Future of Islam
Beyond Rhetoric: A Future for Islam in American Thought
By Jonathan Brown
Controversy over the supposed "Ground Zero Mosque" in New York City reveals a great deal about the tenuous place of Muslims in American public space. Of course, the plans to build this Muslim community center would probably have caused little uproar were we not in an election year and was this not such a facile ladle with which to stir the pot of public emotion. That issues involving Islam and the continued association of that religion with terrorism are such reliable touchstones of outrage, however, alarms me more than the immediate furor specifically generated around the New York community center.
I would like to examine some of the rhetoric surrounding this controversy in order point out some of the assumptions and inconsistencies that characterize opposition to the Cordoba initiative. Doing so reveals a great deal about what prominent voices in American public life expect from Muslims, and what they expect the future of Islam to be.
Complaint: "There is a problem with Islam." -- I cannot count how many times non-Muslim students have come to my office and asked me if Islam is a "valid" religion. The only response I have been able to offer has been that, if a religion has flourished for over 1,400 years from Senegal to Malaysia and today counts more than 1.3 billion adherents, then I think it has a strong claim to sit at the table of valid world religions. More importantly, the fact that these 1.3 billion human beings lead their daily lives as farmers, lawyers, businessmen, bike couriers, carpenters, professors, homemakers, etc., while identifying as Muslims means that there is nothing wrong with Islam.
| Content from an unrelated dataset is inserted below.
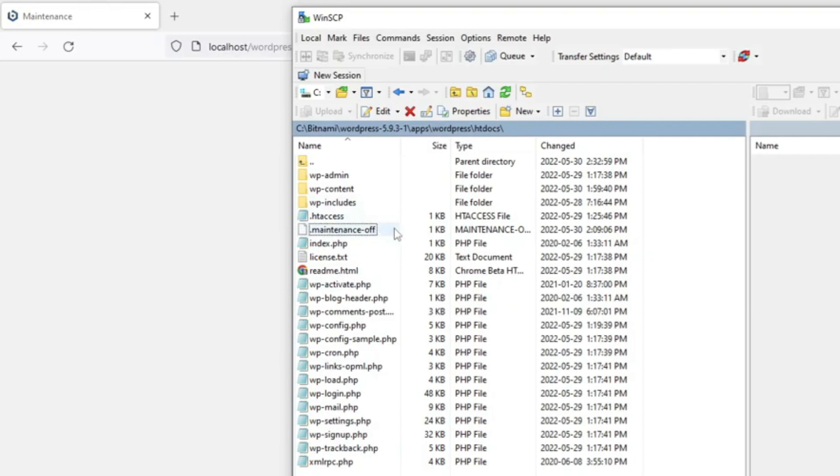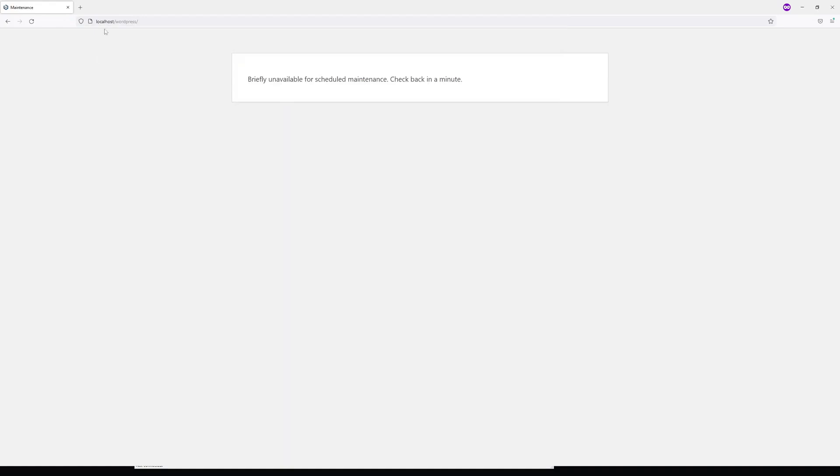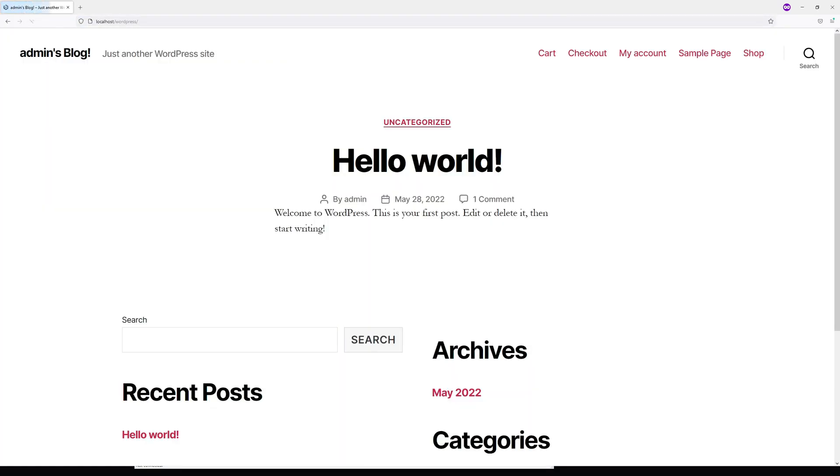You can also delete the file, but renaming it should do the job. Then go to your WordPress website and refresh the page.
Are these people monsters? Do they walk around perpetrating acts of evil or cruelty on an hourly or even biweekly basis? Do they ponder moral issues, questions of life, love, friendship, and employment, and then suddenly do the "wrong thing" because they are Muslim? If we take a statistically significant group of these Muslims and put them next to a similar group of Americans, Christians, Japanese, or Zulus, do we notice that the Muslims are morally or judgmentally inferior? The simple fact of the matter is that the Muslim world is so broad, so diverse, and so internally divided -- as is to be expected in the case of any group of 1.3 billion humans -- that beyond the incredibly vague moniker of "Muslim" they have no more in common with one another than they do with "non-Muslims." There is no common element binding all these 1.3 billion people that we could identify as "wrong" if we were trying to point out some problem with Islam.
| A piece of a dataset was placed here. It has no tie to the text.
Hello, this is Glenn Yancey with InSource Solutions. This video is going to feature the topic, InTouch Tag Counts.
Complaint: "Islam is violent/preaches violence." -- This question is closely related to the previous point. Certainly, some verses of the Quran address violence, "fighting in the path of God," and fighting and slaying God's enemies. So does the Old Testament and the Bhagavad-Gita. The practitioners of a religion, however, are the ones who have the right to determine what its sacred texts teach, not outside critics. Believers in these sacred texts can and have decided that verses seeming to advocate violence are figurative, that they were superseded by some less violent verse, or they could simply never act on that commandment. For an outside critic to indict that religion because its sacred text includes violent verses would thus be ingenuous polemics. Is this critic really interested in changing the lives of the practitioners of this faith for the better? Or is he or she merely engaged in a game of religious ‘gotcha'?